For an administration that conceits to taking carbon budgeting seriously and promises higher efficiency transportation, the development of viable, short-range, light rail system in densely populated corners of the country seems like a no-brainer. Rail travel is cleaner and cheaper than car or plane travel; and in the age of hours-long waits at major airports and mind-numbing tarmac delays, may even save time over short-range flights. Think of it this way: To fly from New York to Boston or from L.A. to S.F., you’re already spending upwards of 400% more time at the airport than in the air. What if you could make the trip in an essentially equivalent amount of time, but without dealing with lines, embarrassing pat-downs, late planes, uncomfortable seats and restrictive baggage requirements. Moreover, you could skip the endless hassle of scouring the internet for deals and getting gouged with hidden taxes. Plus it would be cheaper.
Naturally, America is just too big to incorporate the kind of large-scale railroad system that we see in western europe, but certain regions are certainly dense enough to support rail networks which aspire to more that the “extended suburb” service of trains like the Long Island Railroad.
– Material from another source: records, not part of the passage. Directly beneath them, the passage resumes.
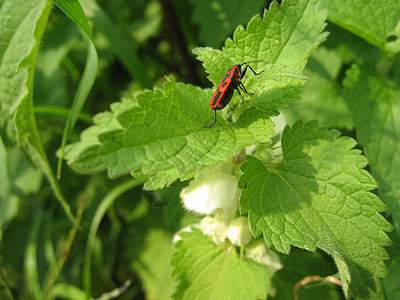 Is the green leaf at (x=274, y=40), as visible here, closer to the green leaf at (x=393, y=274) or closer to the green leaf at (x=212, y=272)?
the green leaf at (x=212, y=272)

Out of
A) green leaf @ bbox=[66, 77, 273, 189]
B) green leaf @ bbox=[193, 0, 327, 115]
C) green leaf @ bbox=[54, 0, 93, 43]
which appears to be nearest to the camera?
green leaf @ bbox=[66, 77, 273, 189]

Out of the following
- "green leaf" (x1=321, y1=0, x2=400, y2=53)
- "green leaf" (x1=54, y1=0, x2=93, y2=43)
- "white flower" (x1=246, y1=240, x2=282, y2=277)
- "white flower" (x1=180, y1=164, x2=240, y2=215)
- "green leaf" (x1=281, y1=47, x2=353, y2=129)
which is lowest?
"white flower" (x1=246, y1=240, x2=282, y2=277)

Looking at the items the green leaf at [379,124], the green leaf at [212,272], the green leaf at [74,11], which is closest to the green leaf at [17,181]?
the green leaf at [74,11]

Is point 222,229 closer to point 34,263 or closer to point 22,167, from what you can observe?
point 34,263

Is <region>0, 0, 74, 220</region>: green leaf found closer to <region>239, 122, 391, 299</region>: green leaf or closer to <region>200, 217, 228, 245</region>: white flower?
<region>200, 217, 228, 245</region>: white flower

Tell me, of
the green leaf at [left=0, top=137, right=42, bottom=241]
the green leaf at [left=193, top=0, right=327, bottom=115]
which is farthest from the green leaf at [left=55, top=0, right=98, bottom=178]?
the green leaf at [left=0, top=137, right=42, bottom=241]

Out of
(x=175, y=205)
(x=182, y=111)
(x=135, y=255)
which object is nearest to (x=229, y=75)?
(x=182, y=111)

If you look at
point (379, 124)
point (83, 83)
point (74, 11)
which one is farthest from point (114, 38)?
point (379, 124)
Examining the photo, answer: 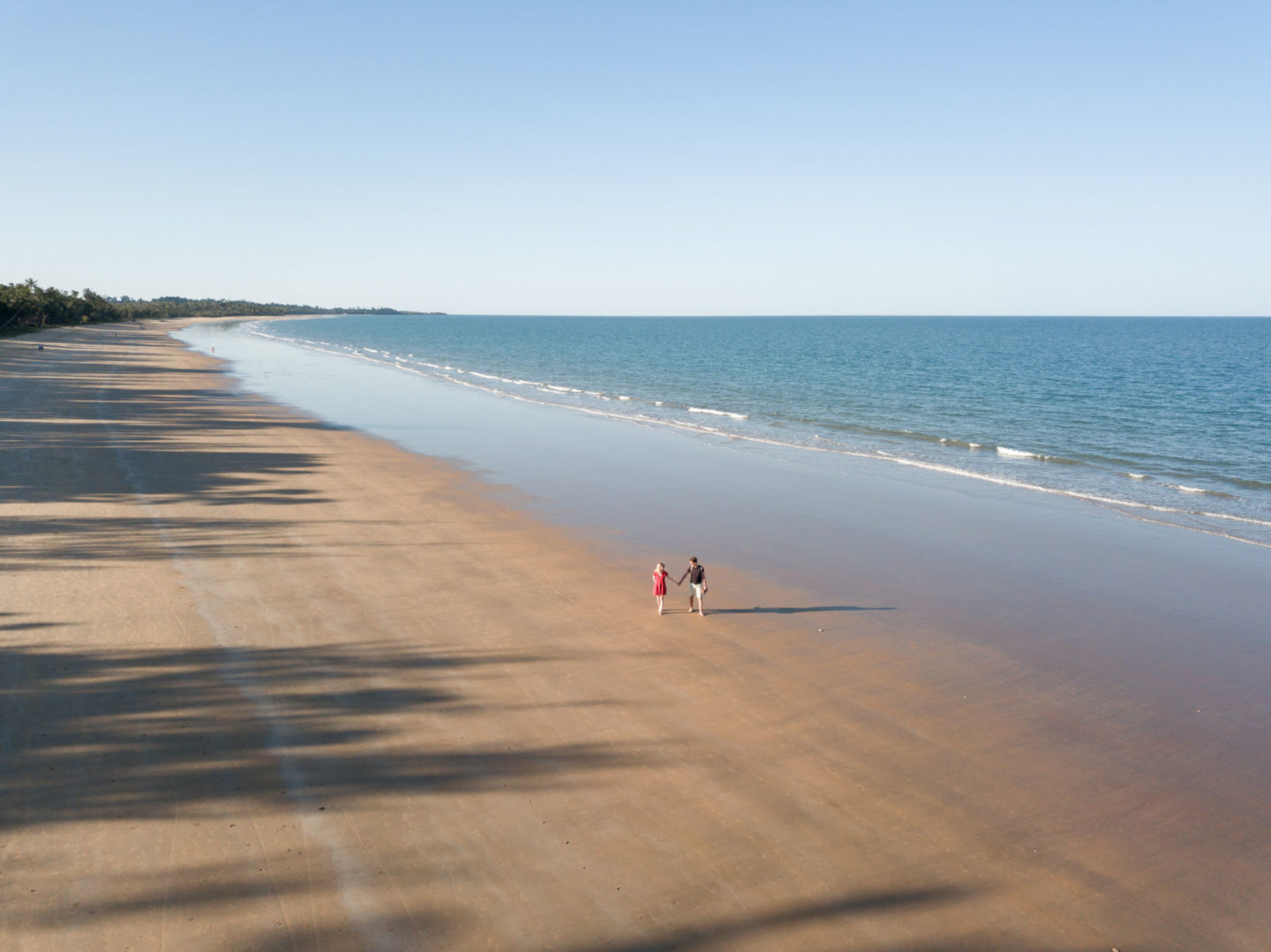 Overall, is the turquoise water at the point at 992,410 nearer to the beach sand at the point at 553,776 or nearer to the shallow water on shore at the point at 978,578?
the shallow water on shore at the point at 978,578

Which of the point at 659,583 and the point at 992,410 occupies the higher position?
the point at 992,410

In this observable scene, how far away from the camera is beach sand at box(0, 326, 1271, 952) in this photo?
7.09 m

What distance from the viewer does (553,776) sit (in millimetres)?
9148

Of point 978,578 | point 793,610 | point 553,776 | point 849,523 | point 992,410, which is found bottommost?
point 553,776

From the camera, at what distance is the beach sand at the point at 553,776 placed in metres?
7.09

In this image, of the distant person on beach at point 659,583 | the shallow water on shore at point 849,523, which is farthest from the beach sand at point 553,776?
the shallow water on shore at point 849,523

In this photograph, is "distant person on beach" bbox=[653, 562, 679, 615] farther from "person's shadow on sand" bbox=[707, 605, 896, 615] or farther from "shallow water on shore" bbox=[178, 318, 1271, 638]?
"shallow water on shore" bbox=[178, 318, 1271, 638]

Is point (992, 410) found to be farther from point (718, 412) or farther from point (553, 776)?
point (553, 776)

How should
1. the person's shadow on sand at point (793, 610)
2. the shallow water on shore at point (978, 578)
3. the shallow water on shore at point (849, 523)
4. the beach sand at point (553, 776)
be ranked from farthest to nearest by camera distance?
the shallow water on shore at point (849, 523) < the person's shadow on sand at point (793, 610) < the shallow water on shore at point (978, 578) < the beach sand at point (553, 776)

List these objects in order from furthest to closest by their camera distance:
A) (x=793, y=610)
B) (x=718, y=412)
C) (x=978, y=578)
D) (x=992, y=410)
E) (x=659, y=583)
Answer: (x=992, y=410) → (x=718, y=412) → (x=978, y=578) → (x=793, y=610) → (x=659, y=583)

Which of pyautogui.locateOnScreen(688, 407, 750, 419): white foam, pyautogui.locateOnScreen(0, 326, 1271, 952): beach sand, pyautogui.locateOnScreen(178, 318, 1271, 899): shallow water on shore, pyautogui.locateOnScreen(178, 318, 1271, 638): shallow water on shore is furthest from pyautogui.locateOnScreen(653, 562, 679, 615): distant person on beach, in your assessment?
pyautogui.locateOnScreen(688, 407, 750, 419): white foam

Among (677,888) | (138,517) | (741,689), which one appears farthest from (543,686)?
(138,517)

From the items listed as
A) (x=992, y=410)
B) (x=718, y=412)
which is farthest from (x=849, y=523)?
(x=992, y=410)

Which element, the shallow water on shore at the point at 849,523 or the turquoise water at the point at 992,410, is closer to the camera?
the shallow water on shore at the point at 849,523
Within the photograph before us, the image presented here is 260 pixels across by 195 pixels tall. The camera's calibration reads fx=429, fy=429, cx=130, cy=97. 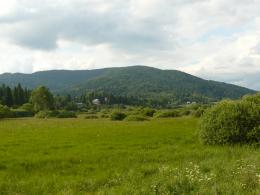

Rerouting travel from car or plane to train would not only increase energy efficiency in general, but would also reduce our reliance on oil, since trains could be powered using electricity, which is centrally produced at power plants (themselves a great candidate for green upgrades).
Obama plans to earmark $675-775 billion in stimulus funds. He wants to create 3 million new jobs. The money and manpower are waiting in the wings. Lets ask our favorite new reformer for a real change in the American transportation sector.